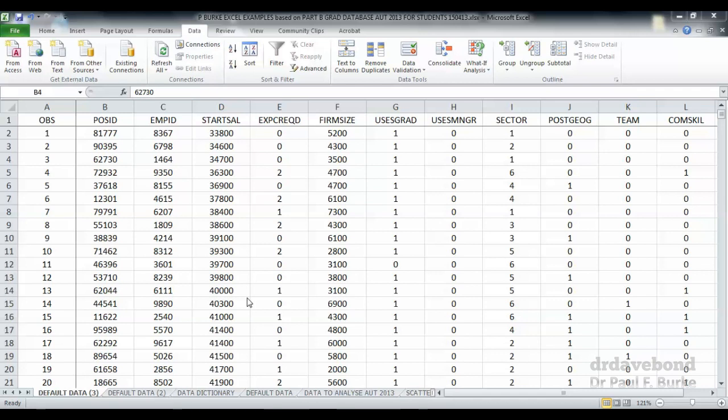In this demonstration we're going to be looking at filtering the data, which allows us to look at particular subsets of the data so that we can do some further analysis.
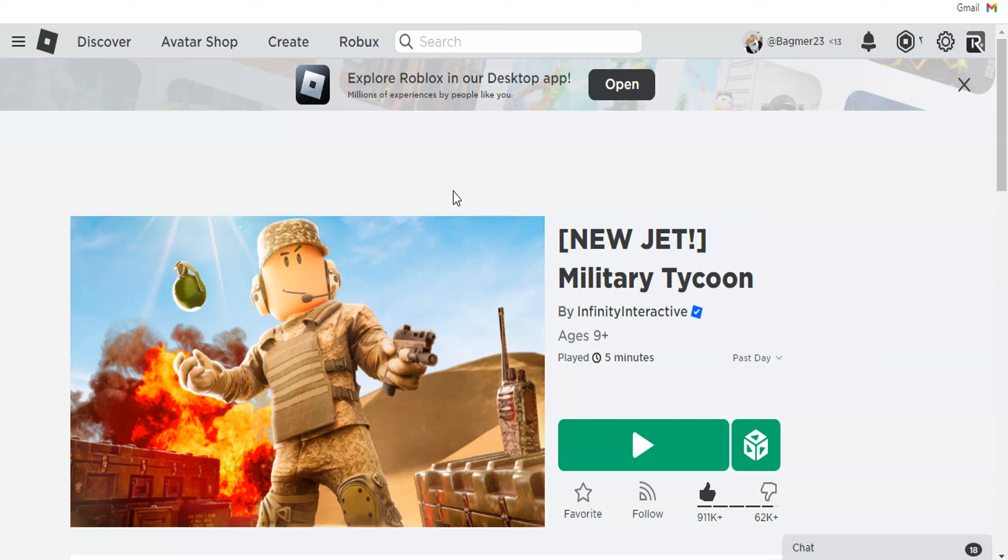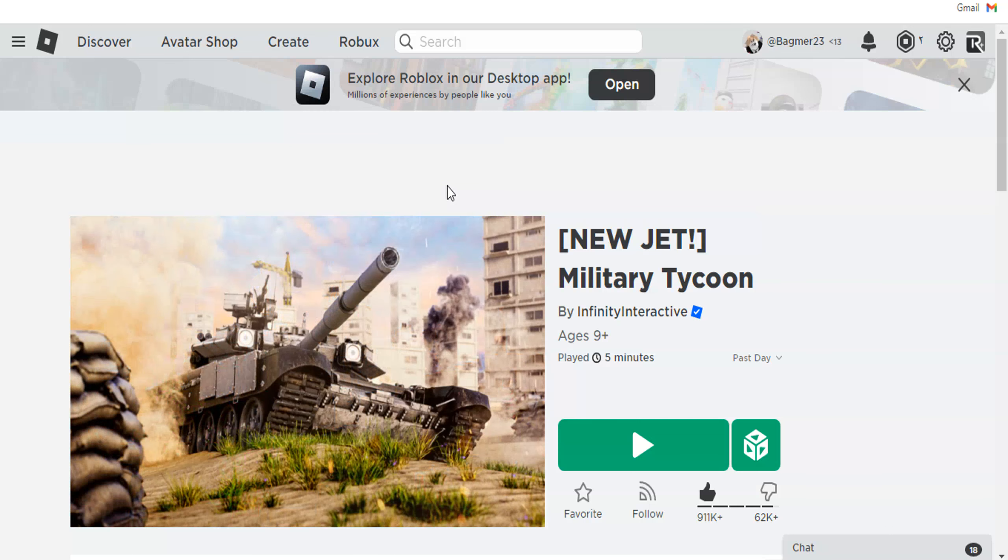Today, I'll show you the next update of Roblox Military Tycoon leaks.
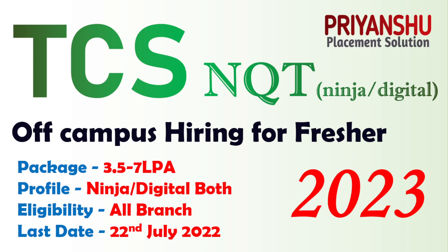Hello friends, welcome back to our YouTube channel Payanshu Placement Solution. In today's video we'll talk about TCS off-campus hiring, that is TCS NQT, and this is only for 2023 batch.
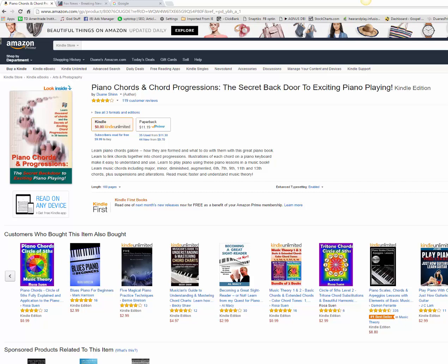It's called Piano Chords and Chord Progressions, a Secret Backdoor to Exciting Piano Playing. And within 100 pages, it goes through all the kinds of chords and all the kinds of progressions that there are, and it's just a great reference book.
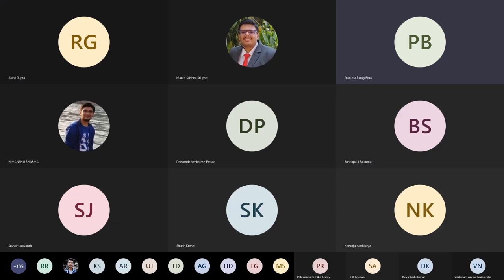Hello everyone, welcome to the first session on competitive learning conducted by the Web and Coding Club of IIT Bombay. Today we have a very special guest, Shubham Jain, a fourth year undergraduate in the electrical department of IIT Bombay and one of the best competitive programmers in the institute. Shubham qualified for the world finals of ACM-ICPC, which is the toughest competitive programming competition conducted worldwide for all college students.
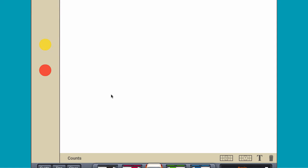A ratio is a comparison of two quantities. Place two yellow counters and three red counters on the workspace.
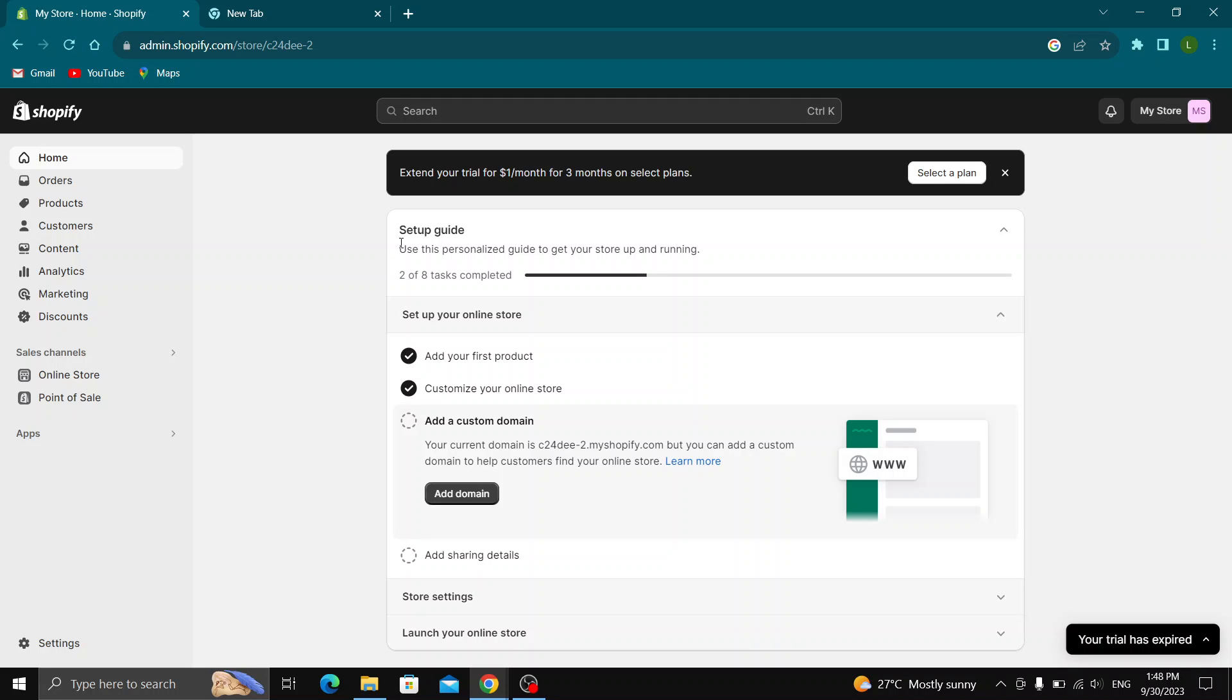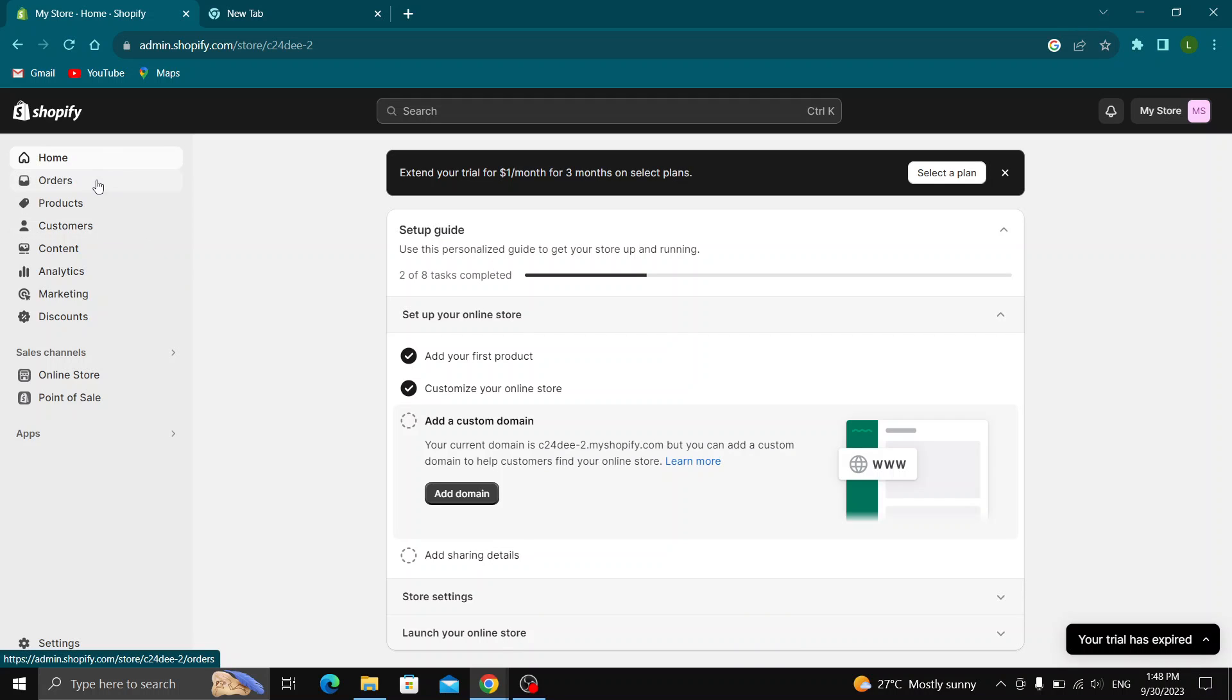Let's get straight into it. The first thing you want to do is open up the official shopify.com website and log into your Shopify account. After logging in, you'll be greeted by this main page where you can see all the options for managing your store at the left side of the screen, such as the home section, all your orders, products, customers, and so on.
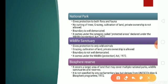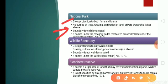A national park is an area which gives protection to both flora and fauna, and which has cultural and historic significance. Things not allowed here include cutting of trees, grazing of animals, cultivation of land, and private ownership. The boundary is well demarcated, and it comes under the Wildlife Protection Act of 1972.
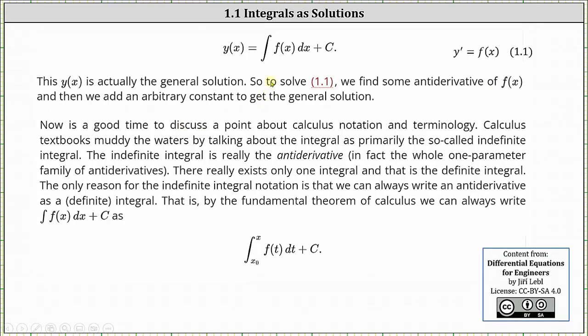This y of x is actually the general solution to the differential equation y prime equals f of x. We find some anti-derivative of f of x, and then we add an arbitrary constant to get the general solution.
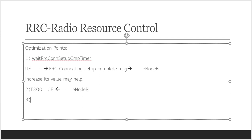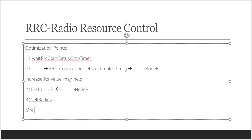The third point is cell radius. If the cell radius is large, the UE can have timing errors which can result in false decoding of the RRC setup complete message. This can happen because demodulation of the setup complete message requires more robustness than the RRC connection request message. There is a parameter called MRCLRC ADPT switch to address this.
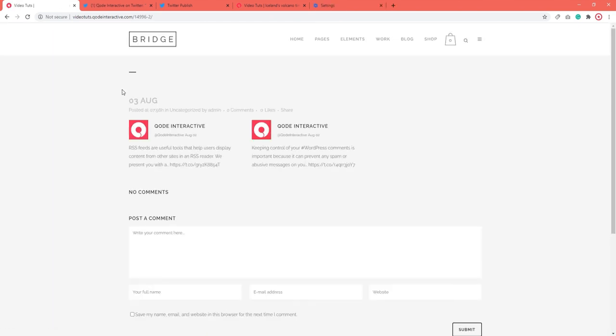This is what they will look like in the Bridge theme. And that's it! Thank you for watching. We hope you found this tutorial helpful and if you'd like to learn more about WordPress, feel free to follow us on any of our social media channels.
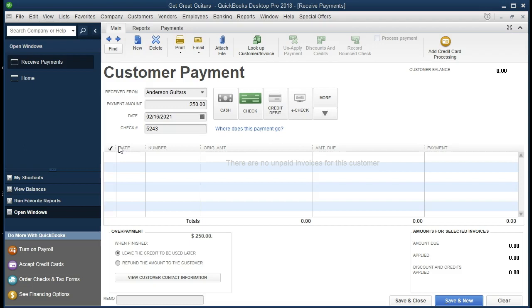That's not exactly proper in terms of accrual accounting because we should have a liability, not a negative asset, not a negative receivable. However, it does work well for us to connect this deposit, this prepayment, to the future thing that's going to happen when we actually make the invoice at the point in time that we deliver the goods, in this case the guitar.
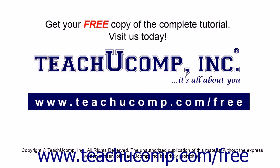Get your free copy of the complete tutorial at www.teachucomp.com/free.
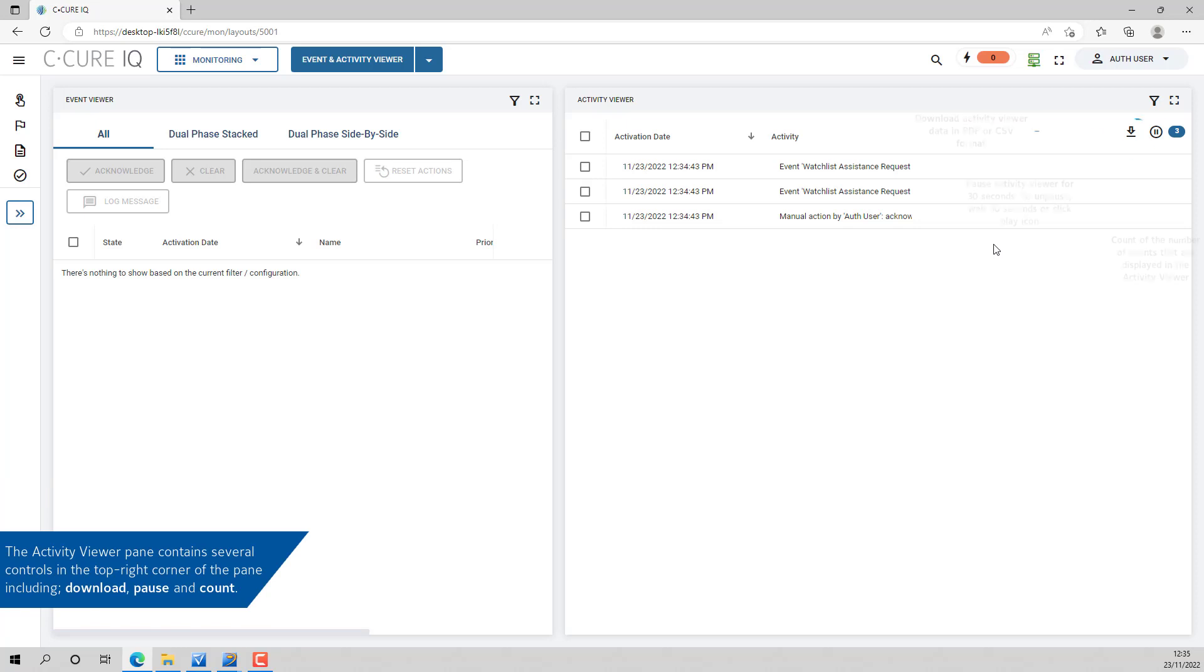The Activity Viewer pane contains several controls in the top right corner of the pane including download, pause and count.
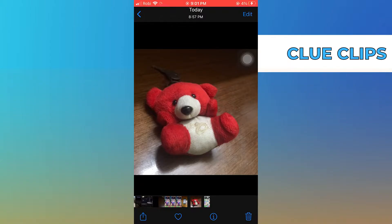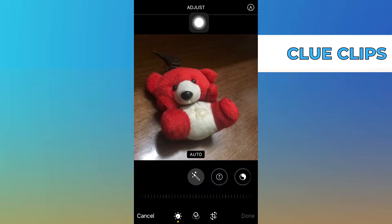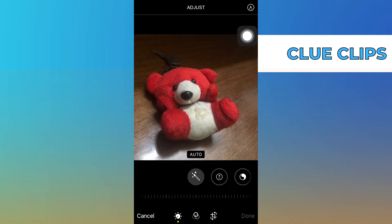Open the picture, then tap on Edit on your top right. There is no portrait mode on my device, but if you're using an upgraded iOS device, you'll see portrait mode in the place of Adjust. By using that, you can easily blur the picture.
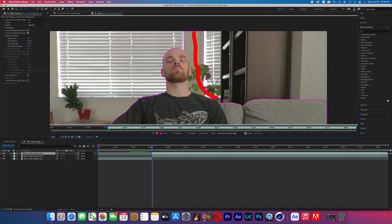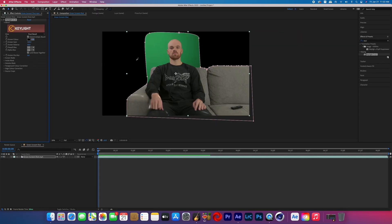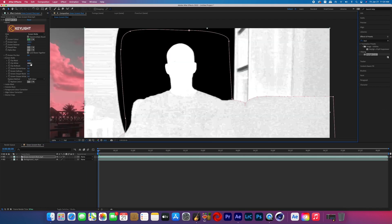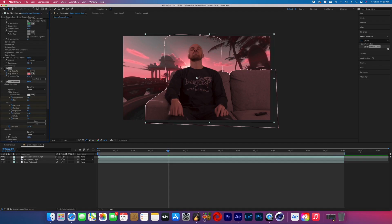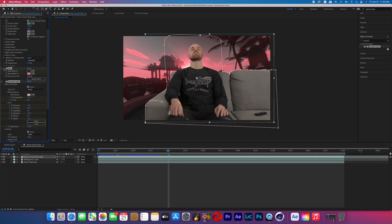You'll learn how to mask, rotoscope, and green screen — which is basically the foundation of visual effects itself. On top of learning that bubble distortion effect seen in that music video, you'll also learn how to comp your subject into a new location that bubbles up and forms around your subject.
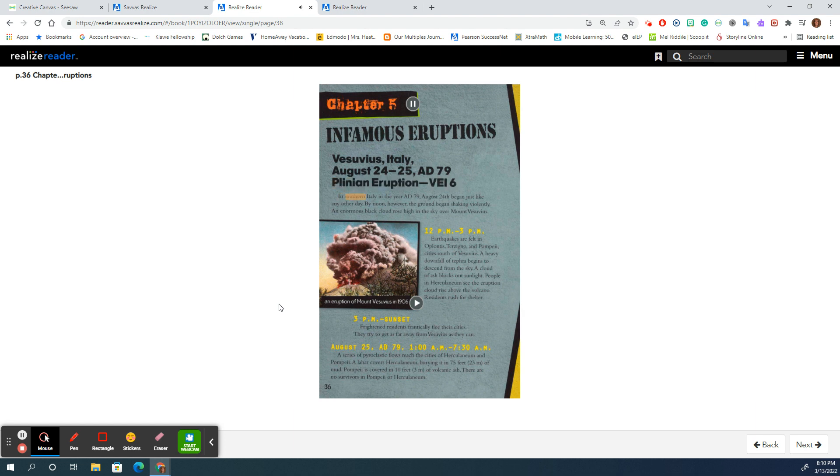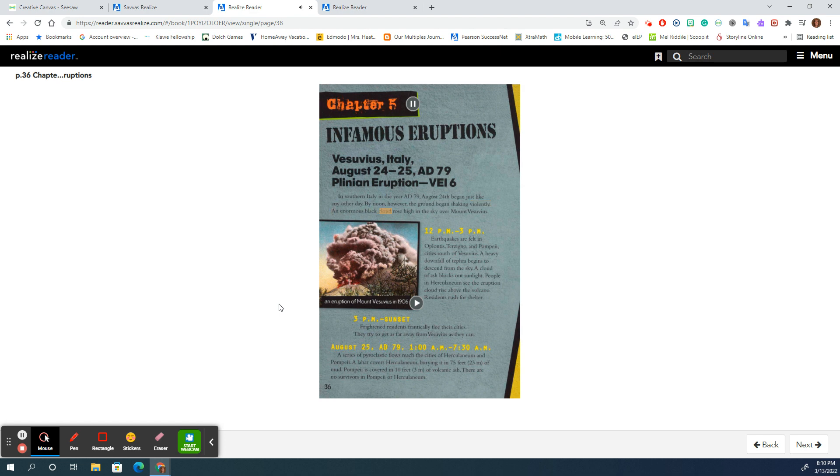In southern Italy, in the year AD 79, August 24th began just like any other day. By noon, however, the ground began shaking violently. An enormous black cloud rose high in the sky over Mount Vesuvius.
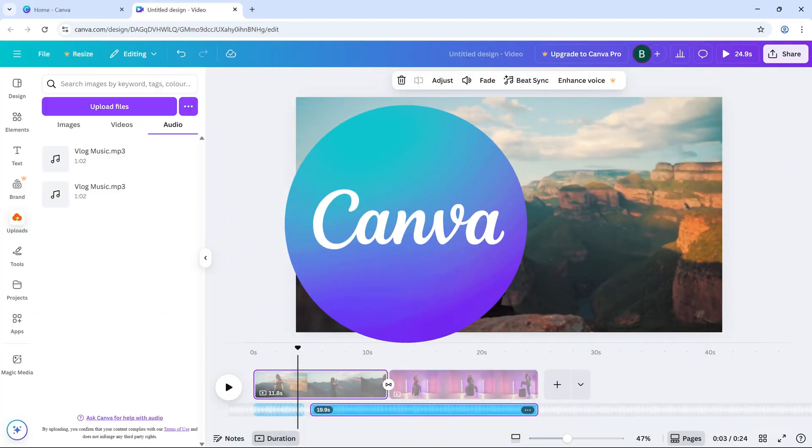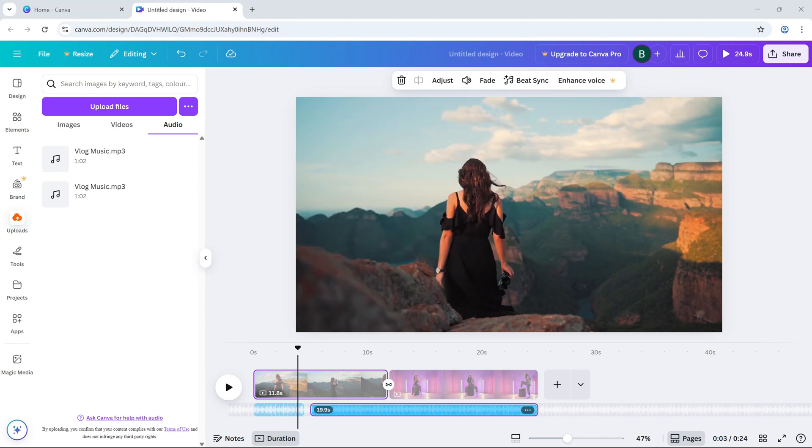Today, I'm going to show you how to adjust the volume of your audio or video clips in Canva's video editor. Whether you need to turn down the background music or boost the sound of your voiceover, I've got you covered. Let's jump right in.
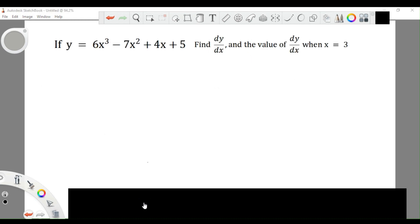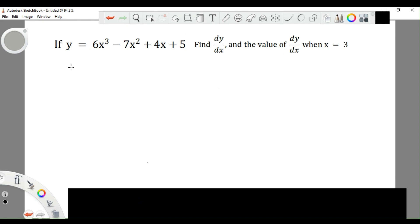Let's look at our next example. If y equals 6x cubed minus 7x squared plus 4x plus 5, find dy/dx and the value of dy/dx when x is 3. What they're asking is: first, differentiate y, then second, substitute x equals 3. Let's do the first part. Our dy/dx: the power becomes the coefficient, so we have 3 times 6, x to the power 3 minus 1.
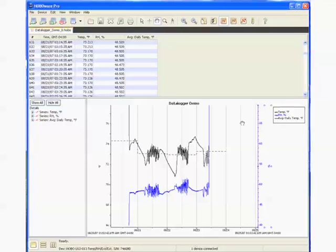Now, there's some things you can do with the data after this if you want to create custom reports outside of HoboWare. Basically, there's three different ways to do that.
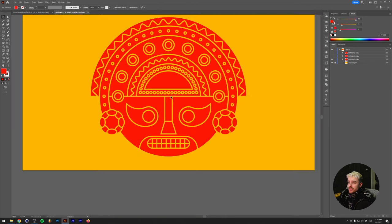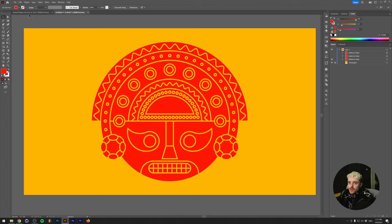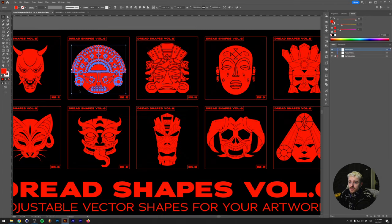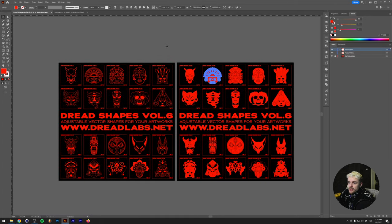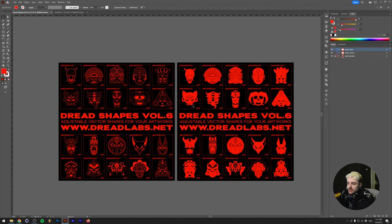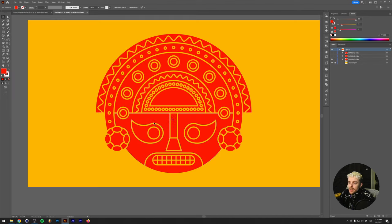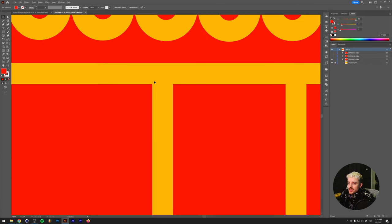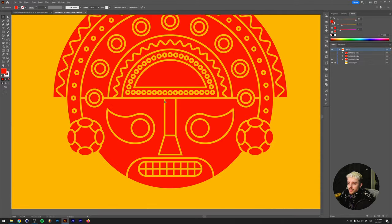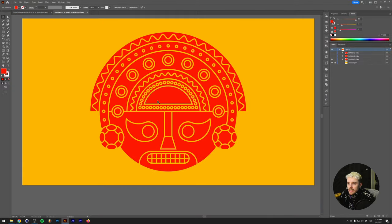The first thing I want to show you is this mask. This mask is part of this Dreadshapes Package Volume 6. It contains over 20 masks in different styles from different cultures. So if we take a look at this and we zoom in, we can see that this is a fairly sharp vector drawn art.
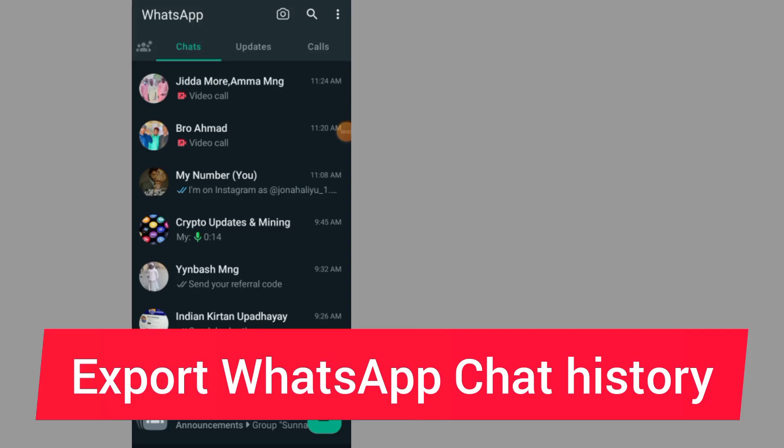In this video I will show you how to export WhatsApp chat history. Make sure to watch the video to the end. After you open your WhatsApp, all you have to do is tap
—————
§ Work task:
Return exactly the lines from the line with "Let's look at" through the last line of the data above, both included; pictures do not go in the answer.

§ Solution for this exercise:
Let's look at our next example. If y equals 6x cubed minus 7x squared plus 4x plus 5, find dy/dx and the value of dy/dx when x is 3. What they're asking is: first, differentiate y, then second, substitute x equals 3. Let's do the first part. Our dy/dx: the power becomes the coefficient, so we have 3 times 6, x to the power 3 minus 1.
Now, there's some things you can do with the data after this if you want to create custom reports outside of HoboWare. Basically, there's three different ways to do that.
The first thing I want to show you is this mask. This mask is part of this Dreadshapes Package Volume 6. It contains over 20 masks in different styles from different cultures. So if we take a look at this and we zoom in, we can see that this is a fairly sharp vector drawn art.
In this video I will show you how to export WhatsApp chat history. Make sure to watch the video to the end. After you open your WhatsApp, all you have to do is tap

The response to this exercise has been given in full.